Dukungan Swasta dan Pengembang
MilikiRumah juga menggandeng pihak swasta dan developer untuk mempercepat realisasi program ini. Salah satu mitra utama adalah Badak Perkasa Group yang tengah mengembangkan proyek Kota Cakra di Kabupaten Tangerang. Proyek ini mengusung konsep hunian terintegrasi dengan gaya hidup “everyday resort,” sekaligus menjadi pilot project Program Pra KPR.
“Melalui penyertaan modal, MilikiRumah menjadi bagian dari developer yang menawarkan hunian siap huni maupun inden, yang dapat disewakan terlebih dahulu dalam program Pra KPR,” kata Marine.
Menjawab Kebutuhan Hunian dan Kualitas Hidup
Menurut Marine Novita, kehadiran program ini sekaligus merespons kondisi pasar hunian yang makin menantang. Harga lahan dan biaya produksi yang terus meningkat membuat pemerintah mempertimbangkan rumah subsidi dengan luasan lebih kecil agar tetap terjangkau. Namun, solusi itu harus dibarengi inovasi dalam pembiayaan agar tak hanya memenuhi kuantitas tapi juga kualitas.
“Program perumahan dan desain rumah subsidi yang didesain pemerintah saat ini adalah momentum untuk berinovasi,” ujarnya.
Lebih lanjut, program ini diharapkan dapat mendorong para pelaku UMKM dan pekerja informal naik kelas, mendapatkan akses pembiayaan, serta tinggal di hunian nyaman dan terintegrasi dengan fasilitas yang menunjang produktivitas.

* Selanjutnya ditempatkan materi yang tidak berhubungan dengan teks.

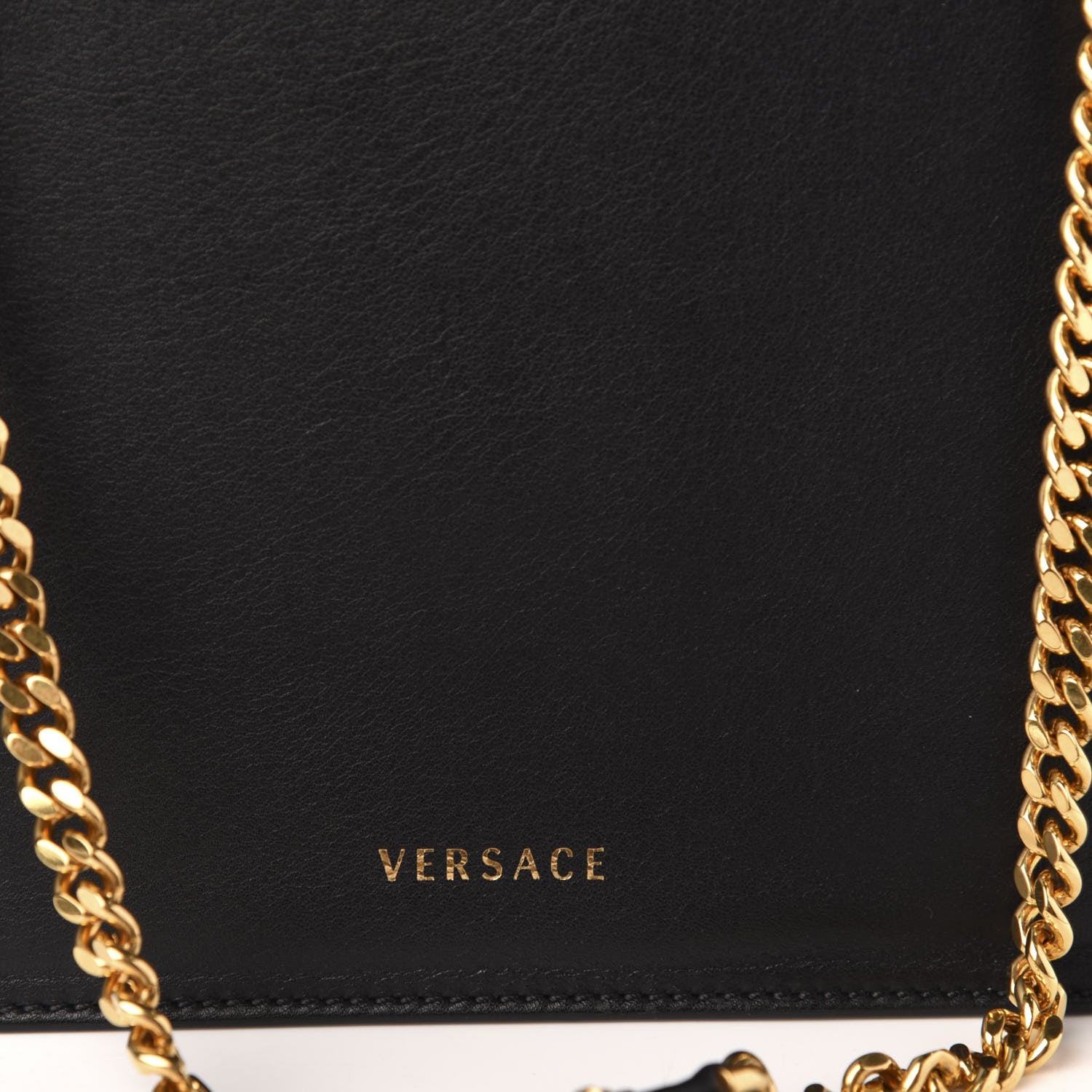 Versace Vitello Barocco Virtus Top Handle Shoulder Bag Black 10 of 11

Dampak Positif bagi Pekerja Informal dan UMKM
Bagi pekerja informal, program Pra KPR memberikan harapan baru untuk memiliki rumah sendiri tanpa harus terbebani persyaratan pembiayaan yang berat. Hal ini menjadi angin segar di tengah sulitnya mendapatkan pinjaman bank dengan sistem yang kaku.
“Program ini memberikan kesempatan bagi pelaku usaha dan pekerja informal untuk memiliki hunian yang layak sekaligus mempersiapkan mereka untuk dapat mengakses KPR di masa depan,” jelas Marine.
Dengan begitu, pekerja informal tidak lagi harus menyewa rumah dalam jangka panjang tanpa kepastian, atau menghadapi risiko pinjaman tak terjangkau dari sumber nonformal.
Harapan untuk Perumahan Berkelanjutan
Pemerintah dan pelaku swasta diharapkan terus bersinergi dalam mendukung program seperti Pra KPR ini. Selain memenuhi target pembangunan rumah, hal ini juga akan berkontribusi pada pembangunan kota inklusif dan berkelanjutan.
Marine menegaskan, “Pekerja informal adalah pilar penting ekonomi Indonesia. Memberi mereka akses ke hunian bukan hanya soal tempat tinggal, tetapi juga investasi masa depan dan peningkatan kesejahteraan.”